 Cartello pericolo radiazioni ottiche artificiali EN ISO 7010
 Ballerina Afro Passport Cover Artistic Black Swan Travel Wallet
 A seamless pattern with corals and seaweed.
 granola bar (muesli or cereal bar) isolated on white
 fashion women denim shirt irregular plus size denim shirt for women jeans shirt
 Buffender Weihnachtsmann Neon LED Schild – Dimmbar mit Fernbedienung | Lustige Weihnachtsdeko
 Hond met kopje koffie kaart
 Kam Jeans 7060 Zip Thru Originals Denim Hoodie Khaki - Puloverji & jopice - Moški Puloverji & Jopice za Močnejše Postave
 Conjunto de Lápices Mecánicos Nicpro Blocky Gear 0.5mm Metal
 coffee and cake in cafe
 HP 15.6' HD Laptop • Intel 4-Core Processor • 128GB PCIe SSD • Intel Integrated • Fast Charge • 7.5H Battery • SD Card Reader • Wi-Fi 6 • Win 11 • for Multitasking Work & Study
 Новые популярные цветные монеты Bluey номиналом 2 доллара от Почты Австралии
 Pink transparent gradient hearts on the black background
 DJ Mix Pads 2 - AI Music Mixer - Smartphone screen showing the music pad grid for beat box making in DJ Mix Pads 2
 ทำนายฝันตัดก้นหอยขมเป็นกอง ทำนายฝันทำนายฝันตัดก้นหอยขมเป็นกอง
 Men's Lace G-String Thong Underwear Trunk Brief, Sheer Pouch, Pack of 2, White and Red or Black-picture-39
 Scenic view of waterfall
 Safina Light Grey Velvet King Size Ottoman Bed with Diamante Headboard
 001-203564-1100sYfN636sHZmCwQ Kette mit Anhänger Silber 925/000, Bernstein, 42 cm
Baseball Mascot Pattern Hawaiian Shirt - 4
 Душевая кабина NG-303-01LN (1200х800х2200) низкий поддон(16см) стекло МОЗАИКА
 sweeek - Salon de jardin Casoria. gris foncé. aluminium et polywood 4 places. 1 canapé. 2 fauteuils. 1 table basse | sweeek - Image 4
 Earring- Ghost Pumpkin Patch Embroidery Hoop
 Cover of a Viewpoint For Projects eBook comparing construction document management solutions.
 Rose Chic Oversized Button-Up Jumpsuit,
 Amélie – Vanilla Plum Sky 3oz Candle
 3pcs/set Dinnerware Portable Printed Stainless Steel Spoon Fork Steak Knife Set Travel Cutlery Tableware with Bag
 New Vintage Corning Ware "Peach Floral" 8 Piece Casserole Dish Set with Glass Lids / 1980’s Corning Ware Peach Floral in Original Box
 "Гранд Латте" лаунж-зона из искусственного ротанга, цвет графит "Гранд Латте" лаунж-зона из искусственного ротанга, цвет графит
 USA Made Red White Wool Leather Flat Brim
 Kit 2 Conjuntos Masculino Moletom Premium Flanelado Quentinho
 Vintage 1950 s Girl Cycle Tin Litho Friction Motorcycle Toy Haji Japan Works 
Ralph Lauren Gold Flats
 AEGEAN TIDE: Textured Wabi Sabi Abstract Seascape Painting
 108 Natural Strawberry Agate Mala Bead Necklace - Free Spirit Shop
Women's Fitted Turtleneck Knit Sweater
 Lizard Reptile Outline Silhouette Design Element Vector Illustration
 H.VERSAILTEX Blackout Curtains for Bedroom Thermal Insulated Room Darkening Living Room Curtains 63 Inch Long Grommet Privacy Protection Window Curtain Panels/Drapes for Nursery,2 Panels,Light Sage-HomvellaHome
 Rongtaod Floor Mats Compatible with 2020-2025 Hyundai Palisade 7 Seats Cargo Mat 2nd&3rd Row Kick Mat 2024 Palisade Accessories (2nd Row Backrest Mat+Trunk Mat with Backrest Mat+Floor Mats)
-------
Your answer should be the lines from the one containing "New Vintage Corning" through the end of the records, both included, output exactly and with nothing added.

 New Vintage Corning Ware "Peach Floral" 8 Piece Casserole Dish Set with Glass Lids / 1980’s Corning Ware Peach Floral in Original Box
 "Гранд Латте" лаунж-зона из искусственного ротанга, цвет графит "Гранд Латте" лаунж-зона из искусственного ротанга, цвет графит
 USA Made Red White Wool Leather Flat Brim
 Kit 2 Conjuntos Masculino Moletom Premium Flanelado Quentinho
 Vintage 1950 s Girl Cycle Tin Litho Friction Motorcycle Toy Haji Japan Works 
Ralph Lauren Gold Flats
 AEGEAN TIDE: Textured Wabi Sabi Abstract Seascape Painting
 108 Natural Strawberry Agate Mala Bead Necklace - Free Spirit Shop
Women's Fitted Turtleneck Knit Sweater
 Lizard Reptile Outline Silhouette Design Element Vector Illustration
 H.VERSAILTEX Blackout Curtains for Bedroom Thermal Insulated Room Darkening Living Room Curtains 63 Inch Long Grommet Privacy Protection Window Curtain Panels/Drapes for Nursery,2 Panels,Light Sage-HomvellaHome
 Rongtaod Floor Mats Compatible with 2020-2025 Hyundai Palisade 7 Seats Cargo Mat 2nd&3rd Row Kick Mat 2024 Palisade Accessories (2nd Row Backrest Mat+Trunk Mat with Backrest Mat+Floor Mats)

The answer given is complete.